Parco en el hablar y en el comer, un sibarita a su modo. Conocía los
incomparables sabores de la albacora, el pez espada, las anguilas, el toyo, las
cachemas y caballas. En las temporadas de cierre y desempleo se convertía en
pintor de brocha gorda, en otras un acucioso guardián y minucioso almacenero.
En casa un ángel guardián de alas invisibles.
Un
viejo de conversación amable, curiosa y poblada de itinerarios y misterios. Por
él visitamos en la factoría del ferrocarril a Juan Dioses, a don Félix
Rodríguez un diestro y noble mecánico que conocía de memoria los engranajes del
reloj genovés de la torre de San Francisco de Paita. Sus innumerable historias
porteñas no dejaron de ser muy exquisitas y cotejadas con la historia eran
evidencias del pasado. Por él y sus entrañables conversaciones encontramos los
libros autografiados de José Santos Chocano a don Antonio de Lama en la
biblioteca municipal de Paita.
No
escribió como nosotros pero sus palabras y su ternura resultan intensamente
inolvidables. En su humildad y sencillez nos hizo grandes. En sus palabras se robusteció
la lógica para dar certeras e impecables respuestas.

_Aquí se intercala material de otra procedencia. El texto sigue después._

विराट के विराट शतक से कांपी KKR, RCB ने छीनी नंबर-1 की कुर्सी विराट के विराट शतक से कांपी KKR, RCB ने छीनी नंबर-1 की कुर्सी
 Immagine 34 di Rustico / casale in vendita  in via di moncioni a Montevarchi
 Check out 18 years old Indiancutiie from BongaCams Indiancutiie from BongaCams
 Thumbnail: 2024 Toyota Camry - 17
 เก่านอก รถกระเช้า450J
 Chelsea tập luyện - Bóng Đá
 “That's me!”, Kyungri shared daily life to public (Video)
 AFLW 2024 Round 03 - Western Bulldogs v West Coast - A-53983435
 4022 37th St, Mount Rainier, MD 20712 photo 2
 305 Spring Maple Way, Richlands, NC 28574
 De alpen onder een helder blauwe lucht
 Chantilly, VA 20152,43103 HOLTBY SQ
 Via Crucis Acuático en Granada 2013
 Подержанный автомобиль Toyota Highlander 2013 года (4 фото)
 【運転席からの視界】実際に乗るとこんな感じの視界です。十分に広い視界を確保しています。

Sus frutos son como los
mangos deliciosos, inolvidables. Sin defectos hubiese resultado inhumano e
incompleto. Pero fue un ser de esos que habitan en la memoria y en el corazón
cotidianamente como la estrella que marca rumbos, como aspiración vital que se
crea y recrea como agua fresca en la sed, como palabra que resuena en la
inocultable soledad.
Aún
recuerdo cuando cumplió medio siglo de matrimonio. Se le ocurrió ir caminando
de casa a la iglesia, acompañado por una banda de músicos que exultante le dio
brillo y alegría. Tenía la mirada alegre e irrepetible y no tuvo gesto más
noble que el de compartir un cebiche porteño con sus hijos, recorrió lugares y
escenarios dio su propia interpretación a los saltos de progreso. En sus noches
insomnes se revelaron sus ruegos y oraciones. Y con audífonos puestos colocados
por sus nietos sonrió apacible poco antes de partir. Su ausencia fue
inesperada. Sentí la misma sensación reconfortante de mirar con detalle una
película en blanco y negro en el Cine Fox de Paita. Sentí su vida como esos
filmes inolvidables en donde los buenos arrancan aplausos frente a las alevosas
cobardías de los arrogantes y poderosos. Lo recuerdo con admiración y gratitud.
Amaba a los perros como a sí mismo. Es mi héroe personal un baluarte de decoro
y dignidad que a pesar de los años me nutre con caricias de bondad.